==== Information provided

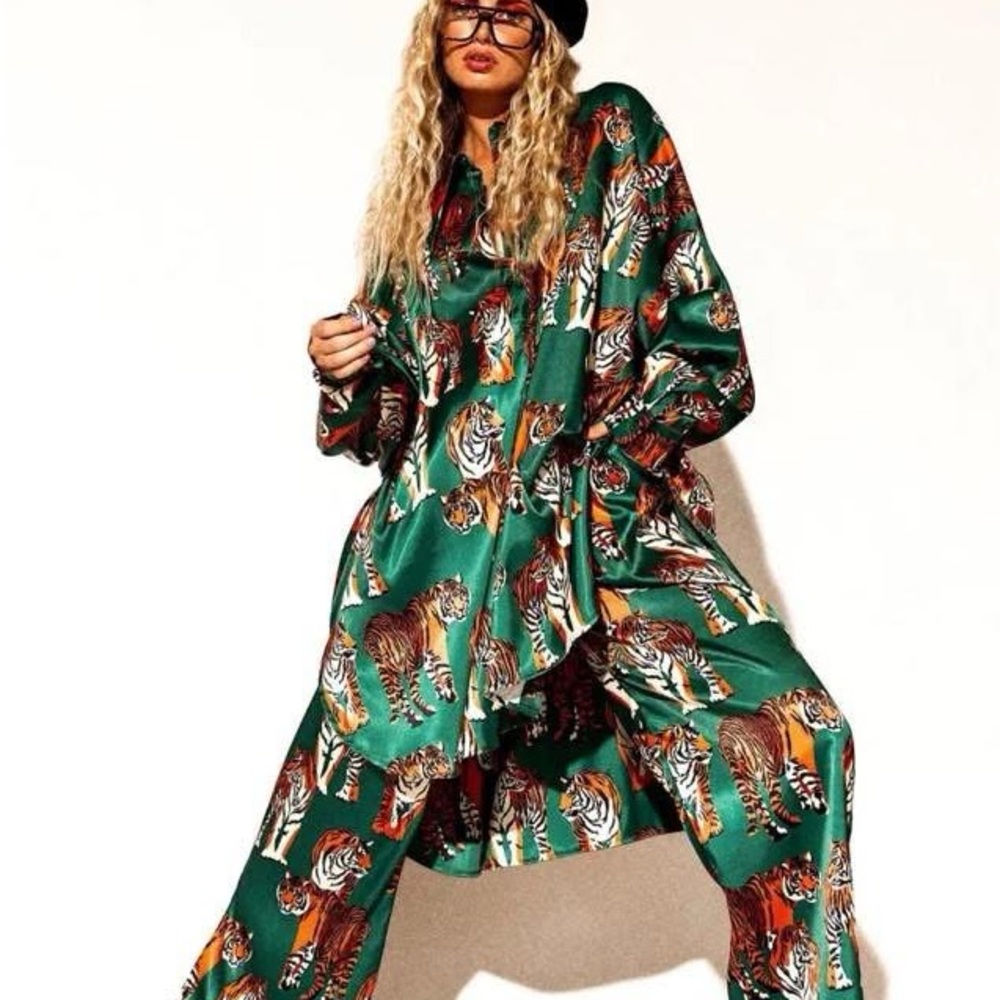 Dressed in La La Green Tiger Print Satin Playsuit set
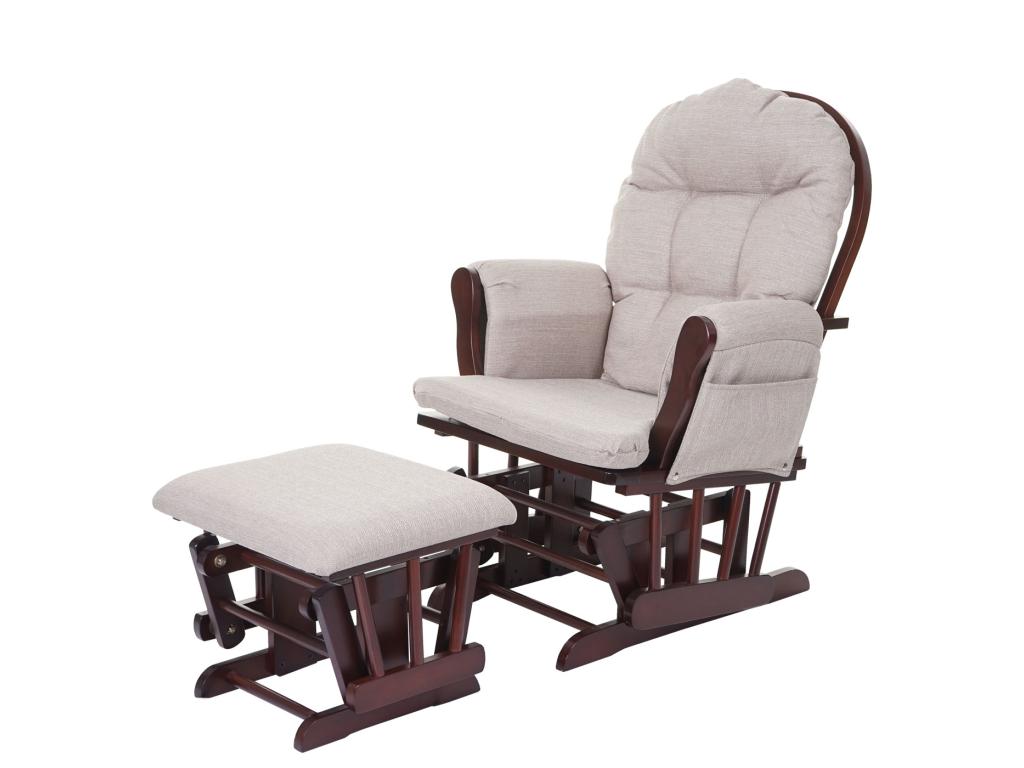Sillón reclinable Cozetiq-C76 Sillón giratorio - tela/textil - gris crema - estructura marrón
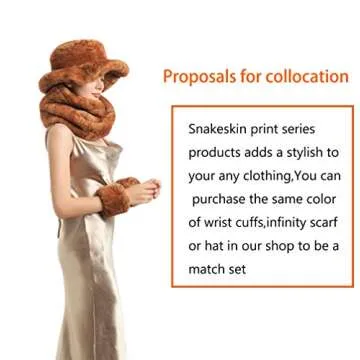 LA CARRIE Women's Snakeskin Print Faux Fur Bucket Hat Winter Warmer Fisherman Cap (Camel)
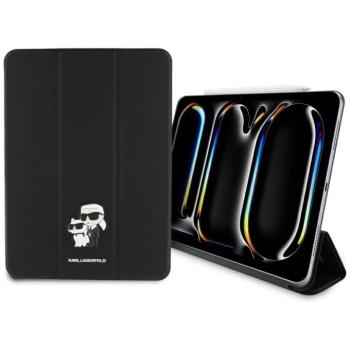 Karl Lagerfeld Saffiano Magnetic Karl &amp;Choupette Apple iPad Pro 13 2024 / 2025 kihajtható tok, Mágneses, fekete kép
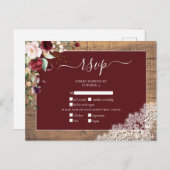 Invitation Carte Postale Burgundy Blush Botanical Lace Bois Mariage RSVP (Devant / Derrière)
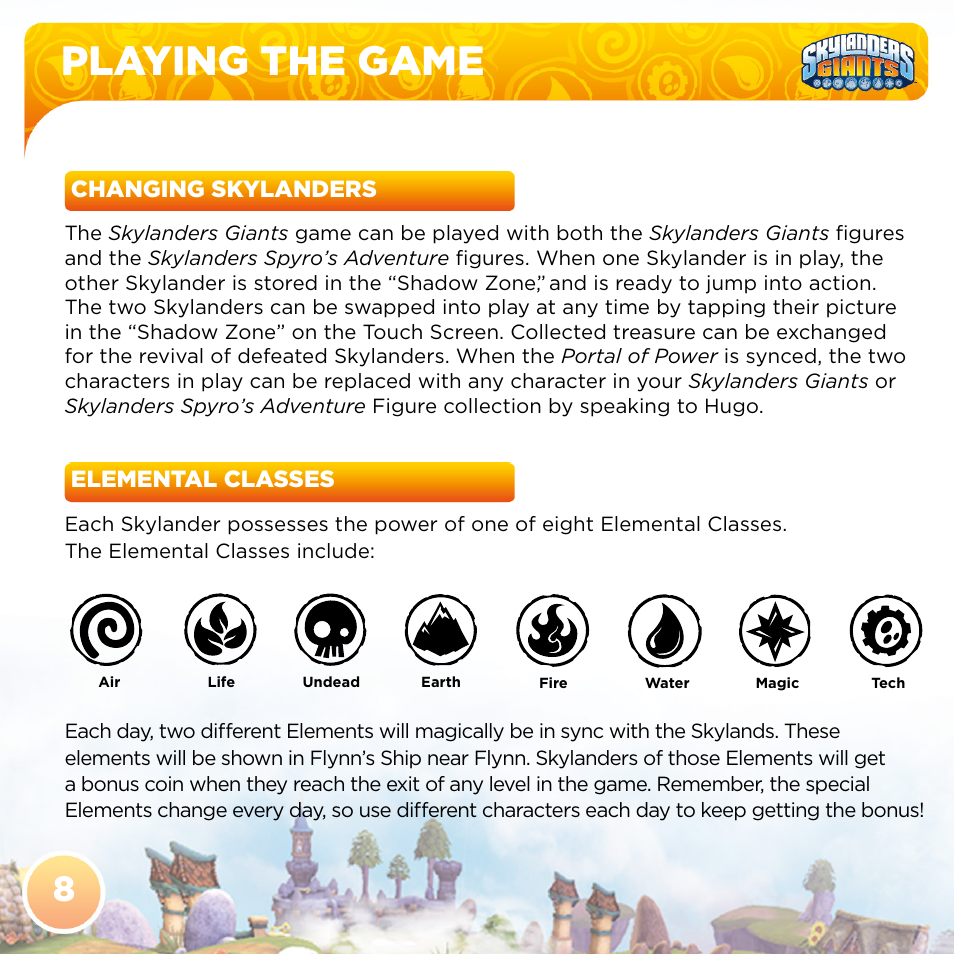 Playing the game | Activision Skylanders Giants User Manual | Page 10 / 14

========

> **Your objective**
Retype all of the data above word for word, excluding the pictures.

> **Response**
 Dressed in La La Green Tiger Print Satin Playsuit set
Sillón reclinable Cozetiq-C76 Sillón giratorio - tela/textil - gris crema - estructura marrón
 LA CARRIE Women's Snakeskin Print Faux Fur Bucket Hat Winter Warmer Fisherman Cap (Camel)
 Karl Lagerfeld Saffiano Magnetic Karl &amp;Choupette Apple iPad Pro 13 2024 / 2025 kihajtható tok, Mágneses, fekete kép
 Invitation Carte Postale Burgundy Blush Botanical Lace Bois Mariage RSVP (Devant / Derrière)
 Playing the game | Activision Skylanders Giants User Manual | Page 10 / 14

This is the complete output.